You buy a house, the transaction gets on the blockchain network. Just like you
wait for confirmations with Bitcoin you'd wait e.g. for 1 day or for 1 week
confirmations, this would be agreed upon by both the seller and buyer.

Now, let's say someone with deep pockets re-computes the last 1 week of
transactions in a 51% attack and "undoes" that transaction. The branch of the
blockchain that got replaced doesn't just disappear, it has your house in it,
thousands of other houses will have been sold through that branch of the
chain, and thousands of people will have that full public record.

At this point you and the rest of the owners could obviously go to a court and
get your houses back, just as you could if the deeds got lost through a fire
today but you had other evidence to prove they existed.

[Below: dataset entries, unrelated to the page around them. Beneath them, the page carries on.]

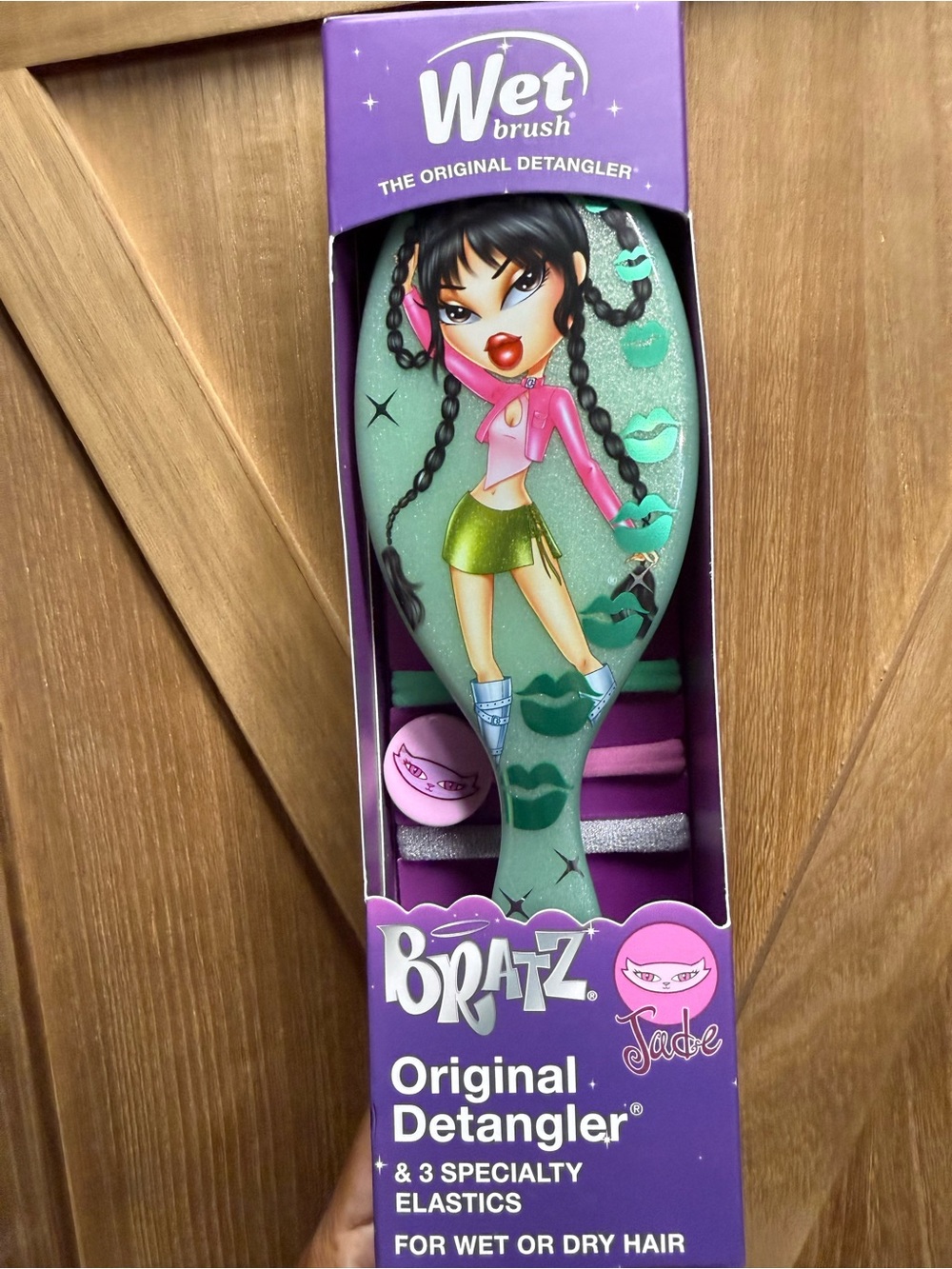 Wet Brush x Bratz Jade Original Detangler and 3 hair bands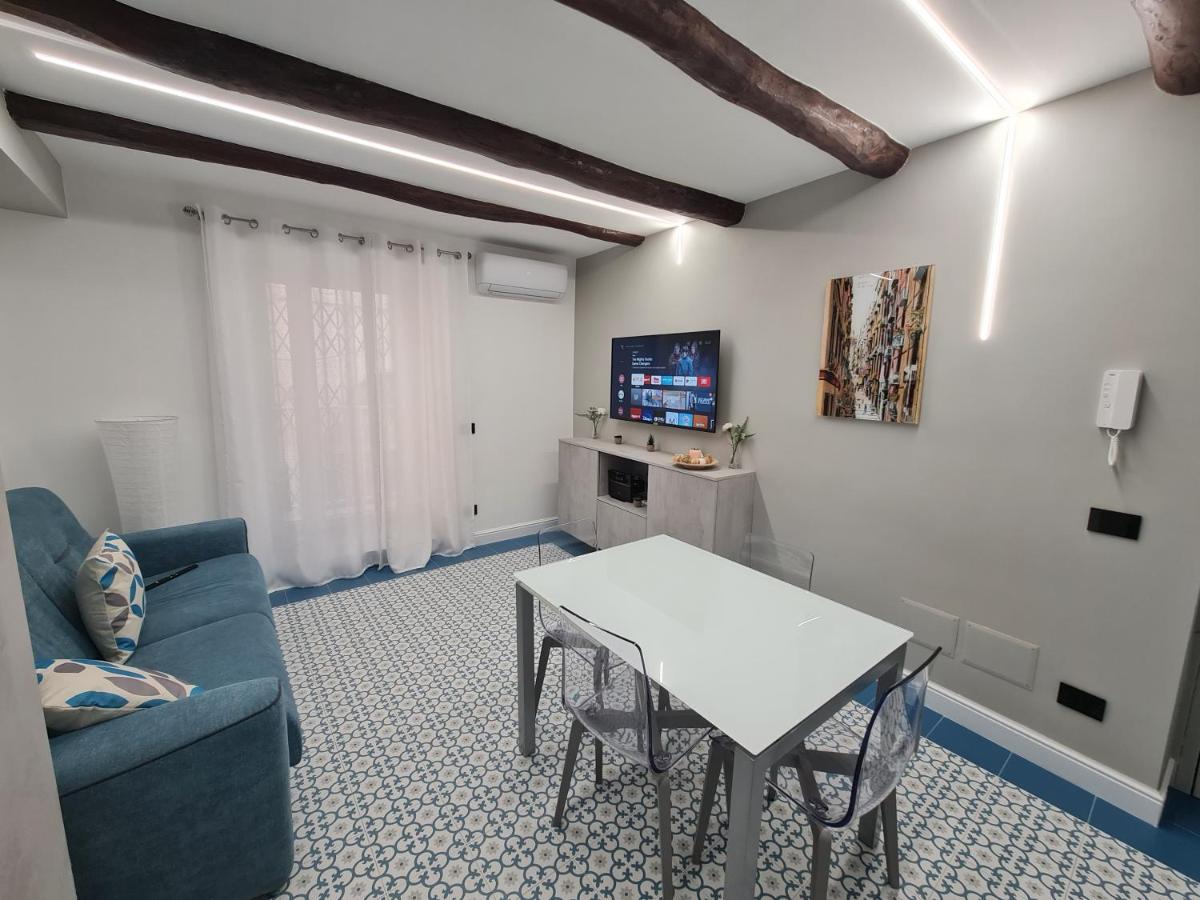 Apartament Chiaja Lux House Neapol Zewnętrze zdjęcie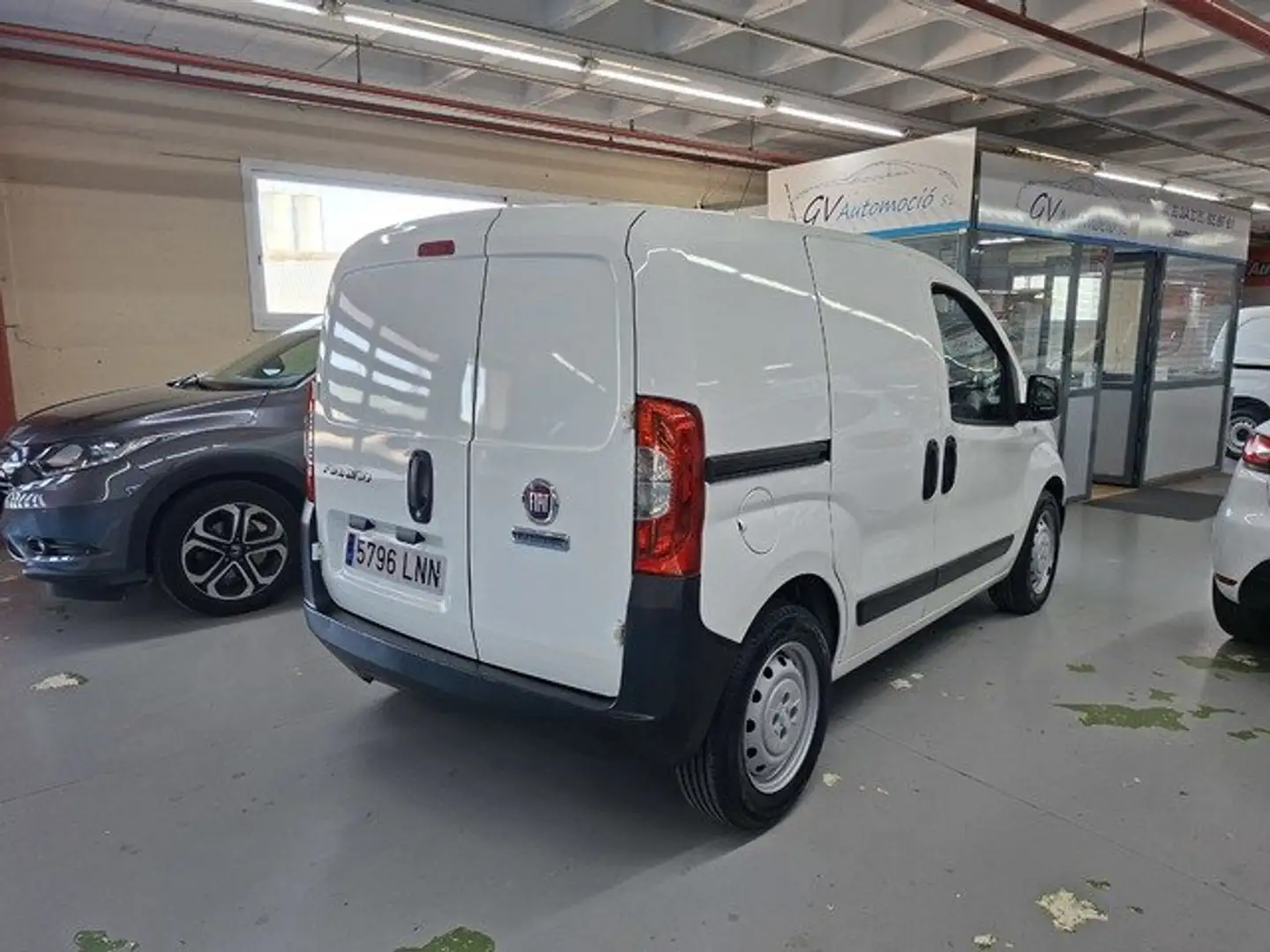Fiat Fiorino Comercial Cargo 1.3Mjt Base 70kW Blanco - 2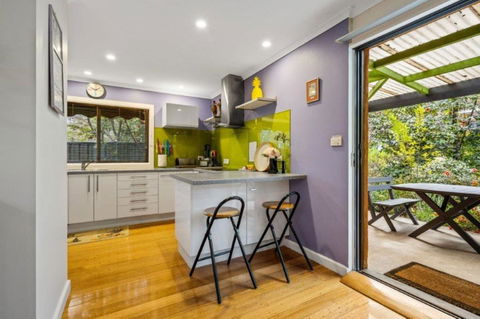 Roses On The River - An Absolute River Frontage Cottage - Accommodation Brisbane 3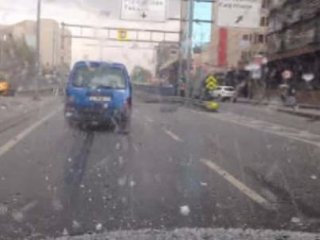 Alaşehir’de Dolu Bağları Vurdu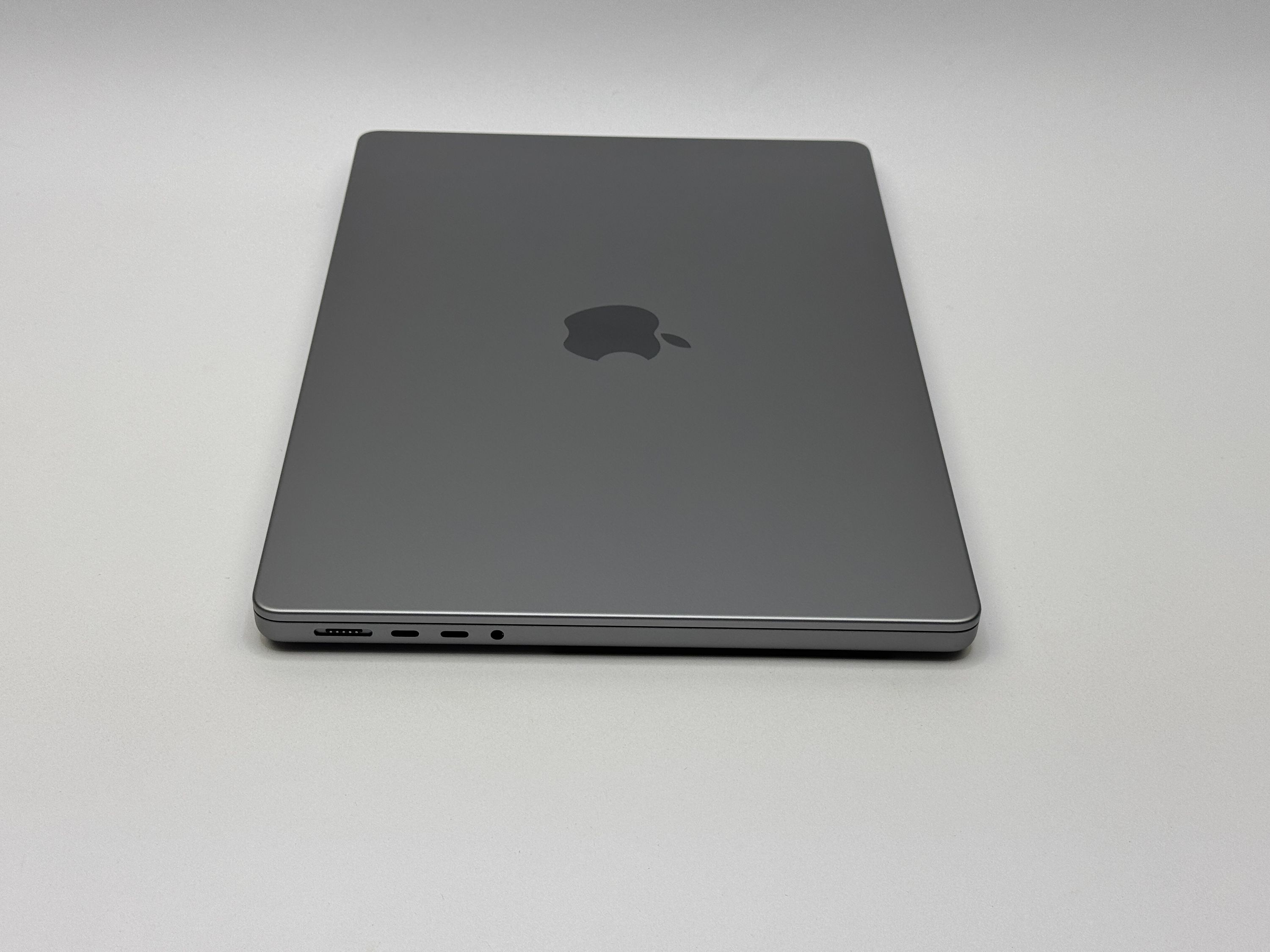 Apple MacBook Pro 14“ M2 PRO 10C CPU 16C GPU 512 GB SSD 16 GB Ram 2023 SPACE GREY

Nobody's suggesting that the entire court system be replaced by a blockchain
and we ignore all other mitigating evidence, it's just being suggested that
storing e.g. deeds in such a system is more reliable than storing them in a
couple of filing cabinets somewhere.

------
apozem
I think the author has hit the nail on the head here. Blockchains offer two
useful things:

* Decentralized authority

* A way to make digital goods scarce

To my knowledge, no one has created a business that takes maximum advantage of
these strengths to provide value to the user. I can't imagine what kind of
business could do this. Someone who can will make a lot of money.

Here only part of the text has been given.